Тем не менее Безбородко, почитавший покойного фельдмаршала своим благодетелем, воспользовался благоприятным случаем, чтобы доложить государю о бывшем предположении, и государь несколько дней спустя обратился к графу Румянцеву со словами: «Я воздвигну памятник вашему отцу». Как известно, он сдержал свое обещание, но вместо статуи сооружен был на плац-параде ничтожный обелиск. При случае он также сказал графу Румянцеву, что и дворец будет выстроен; но впоследствии об этом не было и речи. Павел забыл, что громкое и торжественное признание государственных заслуг приносит еще более чести самому монарху, чем его подданному.
По-видимому, не столь основательно обвиняли Павла в том, что он неприлично обращался с духовенством. Если и справедливо, что он однажды сослал одно духовное лицо за то, что в проповеди, произнесенной им в придворной церкви, восхвалялось прежнее царствование с порицающими намеками на нынешнее, то подобное происшествие, часто повторявшееся в других государствах, было, конечно, заслуженным наказанием для дерзкого проповедника.

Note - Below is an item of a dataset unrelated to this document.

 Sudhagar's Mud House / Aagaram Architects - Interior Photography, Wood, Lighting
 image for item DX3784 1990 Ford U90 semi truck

Но еще неосновательнее толкуют, осуждая награждение духовных лиц орденами. Высший глава их, по справедливости высокоуважаемый митрополит московский Платон, возвратил пожалованный ему орден под тем предлогом, что его обет, устав Русской Церкви и несколько других причин запрещали ему носить светский знак отличия. Он был немедленно вызван в Петербург, но еще на дороге получил в отмену прежнего приказания повеление отправиться на жительство в небольшой город близ Москвы. Прибыв сам в Москву на коронацию, император хотел было призвать другое духовное лицо для совершения этого торжественного обряда. Но ему это так серьезно отсоветовали во внимание к глубокому уважению, коим пользовался Платон в народе, что он нашелся вынужденным уступить. Достойный старец, без орденов, венчал своего императора на царство, и все превозносили эту твердость. Но были ли эта похвалы справедливы? Ордена суть не что иное, как признаки заслуг, оказанных отечеству. Разве духовное лицо не может их заслужить? И, если оно их заслужило, может ли оно из гордости, скрывающейся под смирением духовного звания, гнушаться тех отличий, которые жалует ему государь? Можно ли назвать светским то, что обозначает одну из прекраснейших, Богом предписанных, обязанностей? Рассудок благородного старца введен был в заблуждение предвзятыми понятиями; одна только необычайность случая поставила его в недоумение, потому что вообще он был муж по сердцу Божию. Когда он изредка приезжал из Троице-Сергиевой лавры в Москву, народ окружал его, как святыню. Однажды приехал он, чтобы отслужить обедню, и нашел церковь осажденною бесчисленною толпою, которую не пускала полиция. На вопрос его: почему? — ему отвечали, что церковь уже переполнена знатнейшими лицами города. Он рассердился и сказал весьма громко: «Я столько же пастырь бедных, как пастырь богатых». Народ обрадовался. Неудивительно, что после таких поступков народ был к нему привязан и высоко почитал его и что совет, данный государю беречь такого человека, был вполне разумен и правдив.